Light sponge cake with sweet strawberry filling and whipped cream. A delightful dessert!


Ingredients

Scale
  • 1 cup all-purpose flour
  • 1 teaspoon baking powder
  • 1/4 teaspoon salt
  • 5 large eggs, separated
  • 1 cup granulated sugar, divided
  • 1/4 cup milk
  • 1 teaspoon vanilla extract
  • 1/4 teaspoon almond extract (optional)
  • Powdered sugar, for dusting
  • 1 pound fresh strawberries, hulled and sliced
  • 1/2 cup granulated sugar
  • 2 tablespoons cornstarch
  • 1 tablespoon lemon juice
  • 1 cup heavy cream
  • 1/4 cup powdered sugar
  • 1/2 teaspoon vanilla extract

Instructions

  1. Preheat and Prep: Preheat oven to 350°F (175°C).
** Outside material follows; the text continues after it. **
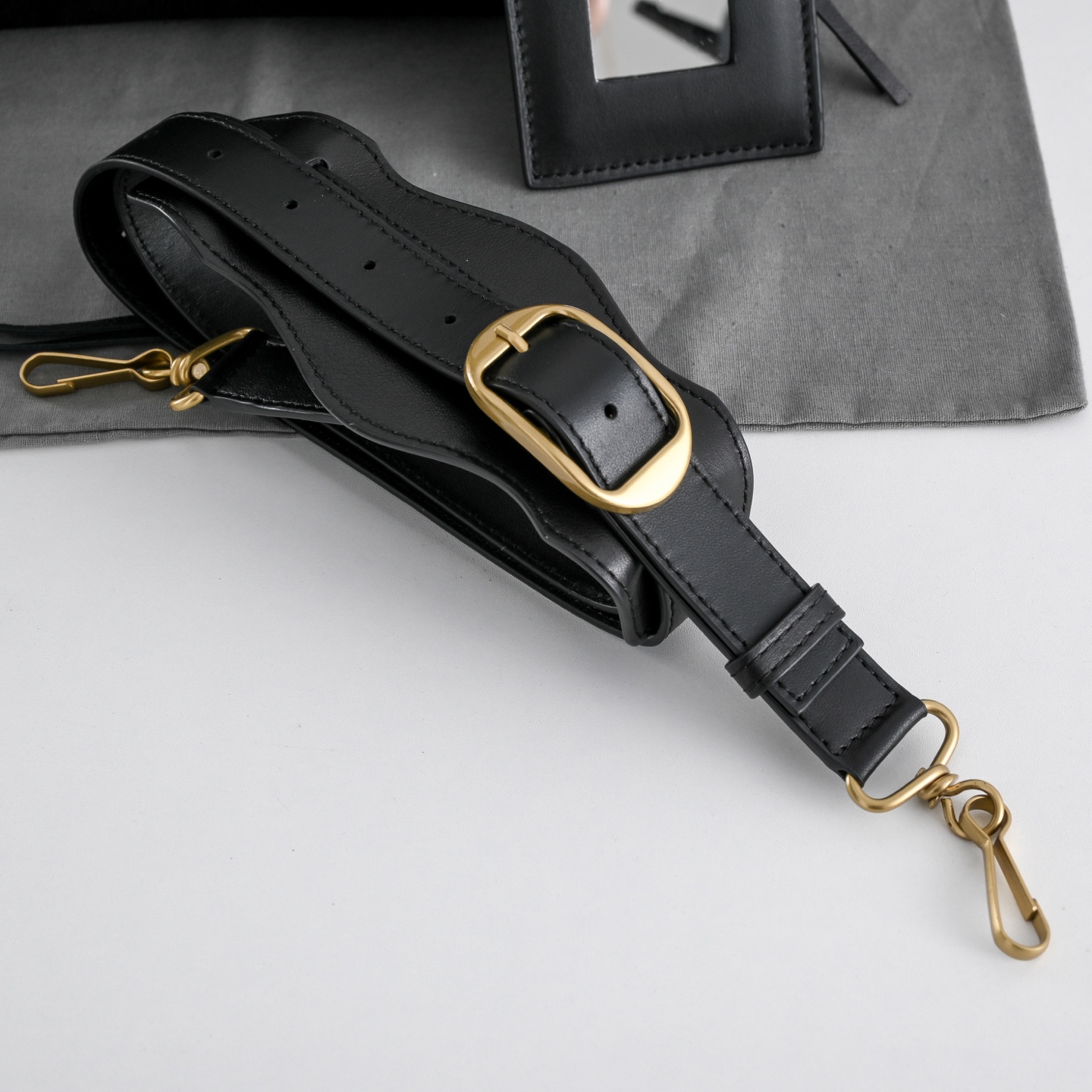 BALENCIAGA 발렌시아가 Le City 르 시티 스웨이드 컴비네이션 카프스킨 모터사이클 백 가방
Grease a 10×15 inch jelly roll pan and line with parchment paper, leaving an overhang. Grease the parchment paper.
  2. Dry Ingredients: Whisk together flour, baking powder, and salt in a medium bowl. Set aside.
  3. Separate the Eggs: Separate eggs, placing yolks in one large bowl and whites in another. Ensure no yolk in the whites.
  4. Whip the Egg Yolks: Add 1/2 cup granulated sugar to egg yolks and beat with an electric mixer until pale yellow and thick (3-5 minutes).
  5. Add Wet Ingredients: Gradually add milk, vanilla extract, and almond extract (if using) to the yolk mixture, mixing until just combined.
  6. Combine Dry and Wet: Gradually add dry ingredients to wet ingredients, mixing on low speed until just combined.
  7. Whip the Egg Whites: In the bowl with the egg whites, beat with clean beaters until soft peaks form. Gradually add the remaining 1/2 cup of granulated sugar and continue beating until stiff, glossy peaks form.
  8. Fold in Egg Whites: Gently fold one-third of the whipped egg whites into the yolk mixture to lighten it. Then, gently fold in the remaining egg whites until just combined.
  9. Pour and Spread: Pour batter into the prepared jelly roll pan and spread evenly.
  10. Bake: Bake for 12-15 minutes, or until lightly golden and springs back when lightly touched.
  11. Prepare for Rolling: Lay a clean kitchen towel on a flat surface and dust generously with powdered sugar.
  12. Invert and Roll: Immediately invert the cake onto the prepared towel. Carefully peel off the parchment paper.
  13. Roll the Cake: Starting from one short end, gently roll the cake up tightly in the towel. Let it cool completely in the towel.
  14. Strawberry Sauce: In a medium saucepan, combine sliced strawberries, granulated sugar, cornstarch, and lemon juice.
  15. Cook the Strawberries: Cook over medium heat, stirring constantly, until strawberries soften and the mixture thickens (5-7 minutes).
  16. Cool the Sauce: Remove from heat and let the strawberry sauce cool completely.
  17. Whip the Cream: In a large bowl, beat heavy cream with an electric mixer until soft peaks form.
  18. Sweeten the Cream: Gradually add powdered sugar and vanilla extract and continue beating until stiff peaks form.
  19. Unroll the Cake: Once the cake is completely cool, carefully unroll it from the towel.
  20. Spread the Filling: Spread whipped cream evenly over the cake, leaving about 1 inch of space along one short edge.
  21. Add Strawberry Sauce: Spoon the cooled strawberry sauce over the whipped cream.
  22. Reroll the Cake: Starting from the same short end you rolled it from before, gently reroll the cake tightly.
  23. Chill: Wrap the cake roll tightly in plastic wrap and refrigerate for at least 2 hours, or preferably overnight.
  24. Serve: Before serving, dust the cake roll with powdered sugar. Slice into 1-inch thick slices and enjoy! Garnish with fresh strawberries or a drizzle of strawberry sauce.

Notes

  • Be careful not to overmix the cake batter, as this can result in a tough cake.
  • When folding in the egg whites, be gentle to avoid deflating them. This is what gives the cake its light and airy texture.
  • Rolling the cake while it’s still warm is important for creating the cake roll shape and preventing it from cracking.
  • Cooling the strawberry sauce completely before adding it to the whipped cream will prevent the cream from melting.
  • Chilling the cake roll for at least 2 hours will allow the filling to set and the cake to hold its shape.